A key sticking point has been one of consequences: what happens if Assad doesn’t live up to his obligations under the deal? While U.S. special forces are operating on the ground, Obama has resisted threatening stepped-up U.S. military intervention for fear of getting pulled into another quagmire. The focus may shift back to demanding that Assad leave power, but Russia has resisted pressuring him to step down.
Another problem has been identifying which areas are controlled by the al-Qaeda linked group Nusra Front, now known as Jabhat Fatah Al-Sham, and which by the moderate opposition. The U.S. has accused Russia and Syria of deliberately targeting opposition groups under the guise of fighting terrorists. Russia, in turn accuses the U.S. of sheltering terrorist groups.

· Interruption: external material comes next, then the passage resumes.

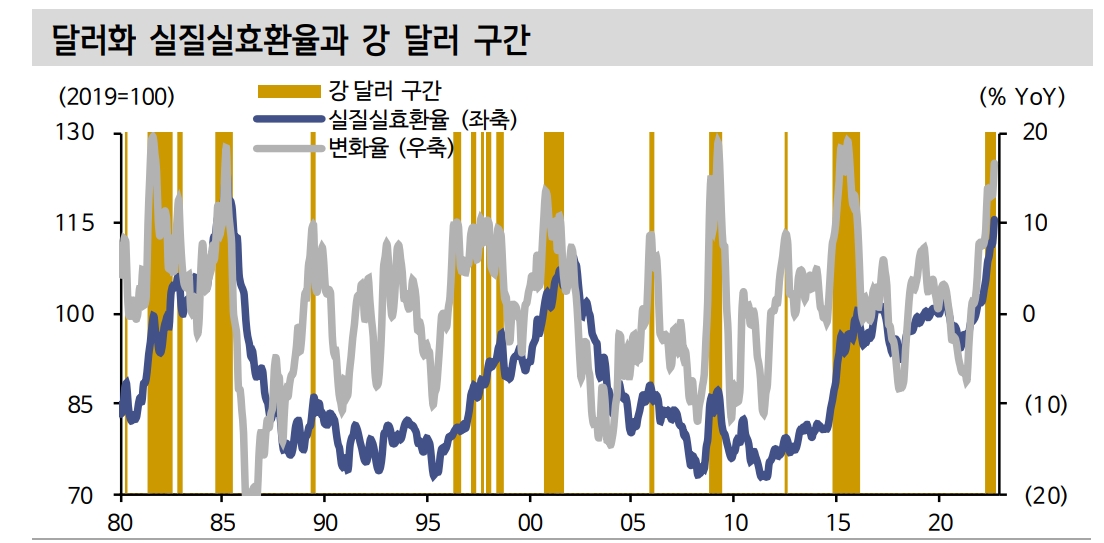 출처: 신한금융투자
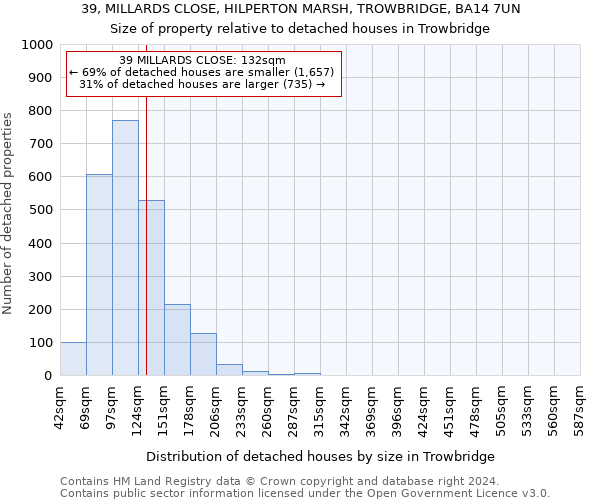 39, MILLARDS CLOSE, HILPERTON MARSH, TROWBRIDGE, BA14 7UN: Size of property relative to detached houses in Trowbridge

Deputy Russian Foreign Minister Sergei Ryabkov said the talks had not collapsed and the two sides were close to a deal. He said the focus remained on how to distinguish the “so-called moderate opposition from the terrorists.”
“Until we lay the last brick in a building, we can’t say that the results are achieved,” Ryabkov said.

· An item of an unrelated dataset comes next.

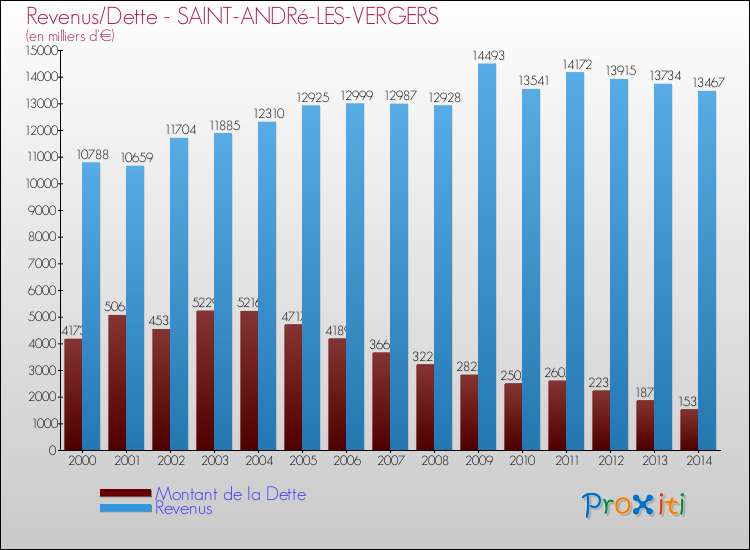 Evolution comparée de la dette et des revenus pour la commune de SAINT-ANDRé-LES-VERGERS de 2000 à 2014 Comparaison de la dette et des revenus pour SAINT-ANDRé-LES-VERGERS de 2000 à 2014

Syria’s crisis has become more urgent because even as U.S.-Russia talks continue the country is becoming more militarized, Staffan de Mistura, the United Nations Envoy for Syria, said on Sept. 1. in Geneva.

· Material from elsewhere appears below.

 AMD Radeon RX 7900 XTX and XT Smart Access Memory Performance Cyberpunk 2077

“We will not have a solution to this conflict unless there is a genuine political process,” de Mistura said. “You can take over a city -- we already said it, you can actually destroy a city, empty a city -- but then, what is the next step?"
The civil war began with Assad’s crackdown on protesters demanding greater freedom during the Arab Spring of 2011. It has since evolved into a complex proxy war, with Assad getting support from Russia and Iran, while the U.S., Saudi Arabia and other Persian Gulf states back those who seek to oust him.
Capitalizing on the chaos, Islamic State controls large swathes of the country, while Jabhat Fatah Al-Sham has emerged, sometimes mingling with or fighting side-by-side with more moderate rebels who could potentially feature in a political transition.
Complicating matters further, Kurdish groups have carved out control in north Syria, drawing in Turkish troops who crossed the border ostensibly to fight Islamic State but also to counter their spread.
“Our hope is never to see a belt of terrorism, a corridor of terrorism emerging in or around our region,” Turkish President Recep Tayyip Erdogan said during a meeting with Obama in Hangzhou on Sunday. “In order for that to be eliminated, Turkey will forge a very close cooperation and a solidarity with the coalition forces.”